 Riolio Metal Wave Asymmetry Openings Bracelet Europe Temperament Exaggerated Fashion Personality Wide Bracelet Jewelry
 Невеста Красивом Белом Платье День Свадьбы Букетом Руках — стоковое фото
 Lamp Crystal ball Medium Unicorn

---

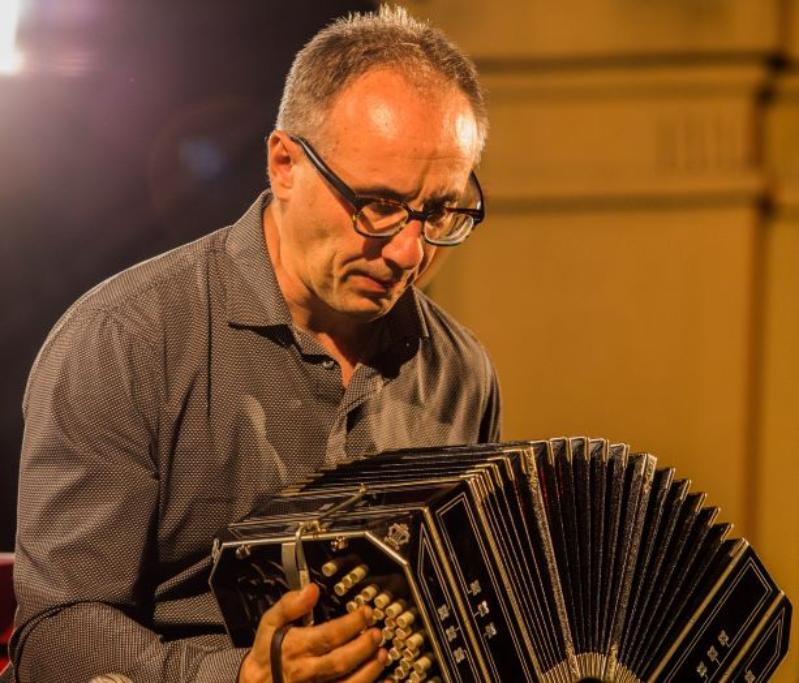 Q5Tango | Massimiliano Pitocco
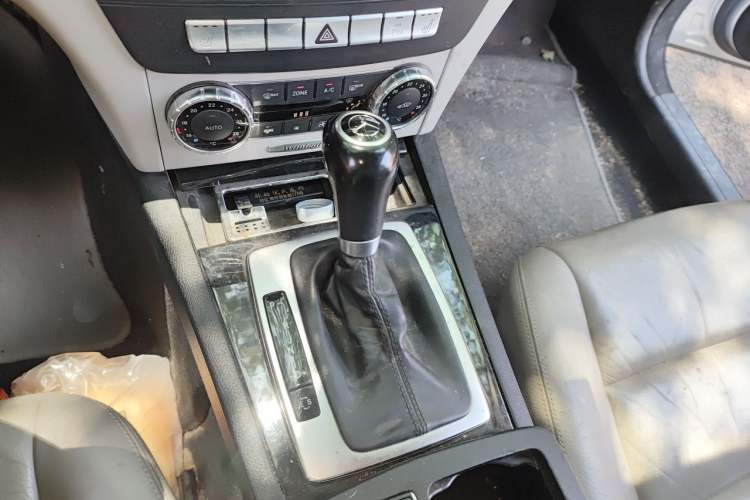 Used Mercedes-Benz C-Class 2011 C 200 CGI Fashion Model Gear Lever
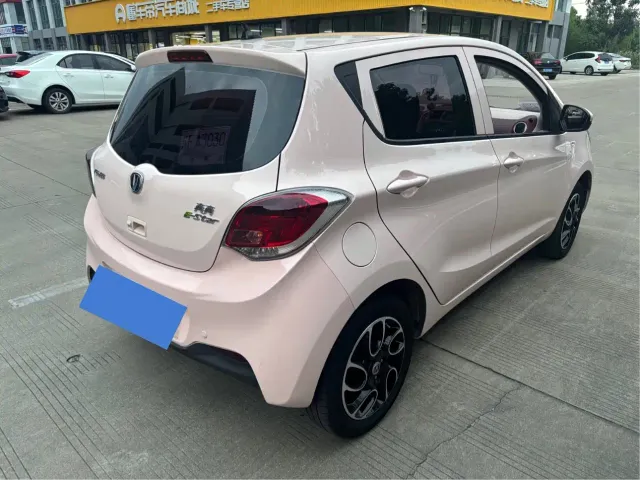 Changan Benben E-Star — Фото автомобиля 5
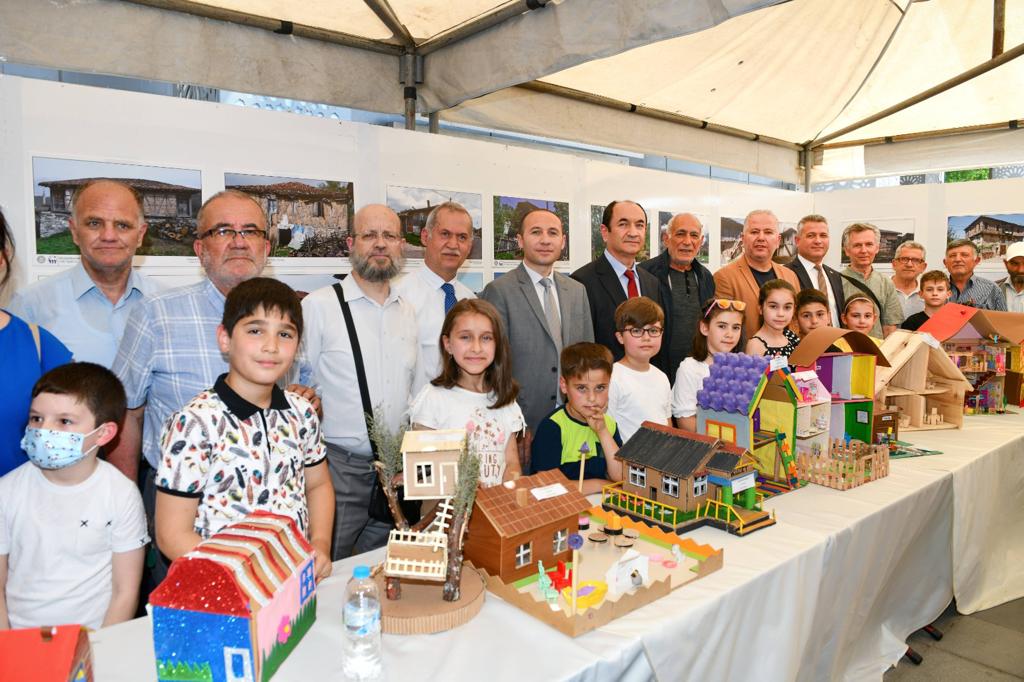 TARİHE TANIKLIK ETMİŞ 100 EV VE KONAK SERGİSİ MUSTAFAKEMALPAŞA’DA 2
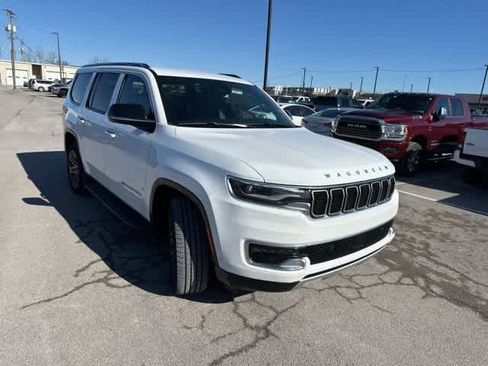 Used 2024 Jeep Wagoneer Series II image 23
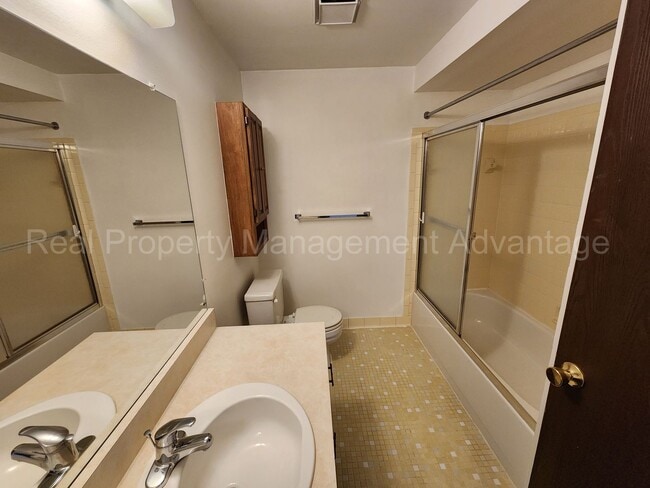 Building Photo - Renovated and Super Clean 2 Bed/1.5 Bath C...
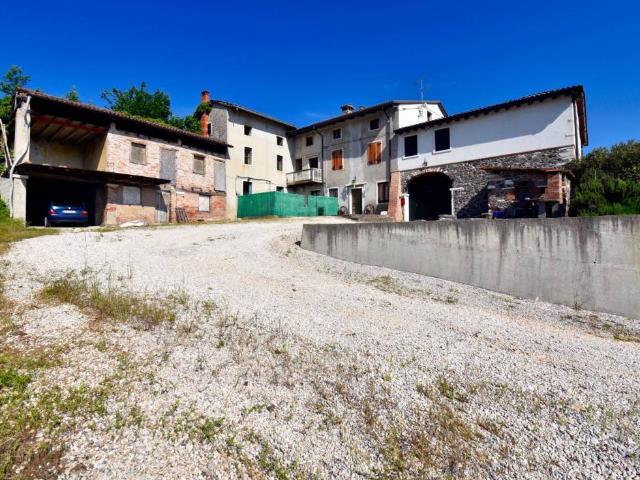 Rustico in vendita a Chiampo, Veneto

EXERCISE DESCRIPTION ▸ Reproduce, exactly and only, the lines of the records above starting at the line with "Building Photo - Renovated" and ending at the line with "Rustico in vendita a Chiampo, Veneto", both included. Leave every picture out.

RESULT OF THIS EXERCISE ▸
 Building Photo - Renovated and Super Clean 2 Bed/1.5 Bath C...
 Rustico in vendita a Chiampo, Veneto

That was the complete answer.